第二天我醒得很早,可能是昨天睡眠过充足的缘故。早上医生护士忙忙碌碌的声音有些让人心烦意乱。我看了看隔壁的床位,慕容夜潇不在。在我印象里他好像根本不需要大量睡眠,我看了看手表,现在才六点一刻,即使是我父母都要过一会才会来医院上班。
我洗漱完毕,然后悠然走出病房,颇有闲庭漫步的感觉。很奇怪,我一直讨厌过于平淡的生活,可是在紧张的事情结束之后的几天,我却会不由自主地减慢节奏。可能这就是乐章中休止符的重要作用吧。
林晓月也不在。我想应该是和慕容夜潇一起出去了,估计这时候在食堂吧。我有些偷笑,觉得他们有可能是约会去了。我能看出林晓月对慕容夜潇有意思,至于慕容夜潇,神情千年如一日,没有人会知道他在想什么。
我乘电梯到了二楼的食堂,这个时候已经开餐了,有病人也有员工,食堂里熙熙嚷嚷的,但是绝不吵杂,很有生气。慕容夜潇和林晓月坐在食堂的一个角落,看见我进来朝我挥了挥手,我拿着刚领上的稀饭和包走了过去。
我发现他们很会选地方,这个角落恰好能把食堂所有地方一收眼底,我坐下的时候他们已经吃饭了,可能是在等我,也可能是在聊天。我感觉林晓月对慕容夜潇说话的语气带着丝丝崇拜,但后者却不以为然。
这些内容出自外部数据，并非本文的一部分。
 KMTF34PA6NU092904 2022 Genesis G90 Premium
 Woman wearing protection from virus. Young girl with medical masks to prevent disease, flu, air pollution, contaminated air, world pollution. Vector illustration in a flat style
我一边吃饭一边听他们说话,速慢了不少,不过由于专业术语多,我也是一知半解,所以也不好多记叙。总之我们吃完的已经八点多了,这时食堂的人才真正多了起来。不过由员工居多。
名义上是个人在聊天,其实就是他俩在聊,我在一旁听着。不过我乐得的如此,可以增长不少见识。他们聊得差不多了,慕容夜潇率先端起餐盘,朝着门口走去,然后转过头说道:“那个医生醒了,院方反映他的精神很不稳定,需要静养,所以安排地下午去询问情况。至于这段时间,自由活动。”
由于我们个兴趣不相同,所以饭后就分开了。慕容夜潇是继续留在病房里看书,真不知道究竟是什么书如此吸引他。至于林晓月,她的母亲刚好在这里开演唱会,她本来是邀请我们的,我对音乐会并不是很感兴趣,而慕容夜潇更是一口回绝了。她手里张门票顿时没了用武之地。我开玩笑说卖给别人,毕竟那是第一排的座位。
她瞪了我一眼,然后闷闷地自己搭车走了。我目送她离开,然后朝着就近的一个数码广场走去。我发现这两天都没碰游戏了,以前如果遇到这种情况定然是手痒难耐,而现在竟是看见别人玩我才发现的。
我集中了一下精神,发现屏幕上播放的是这节wcg总决赛,不知道是重播还是直播,我很诧异竟然是sk和mouz的比赛。看了一会,突然觉得有些冷,我这才发现自己穿的是短袖。今天的天气阴沉着,随时有可能下雨。我暗道幸好没去演唱会。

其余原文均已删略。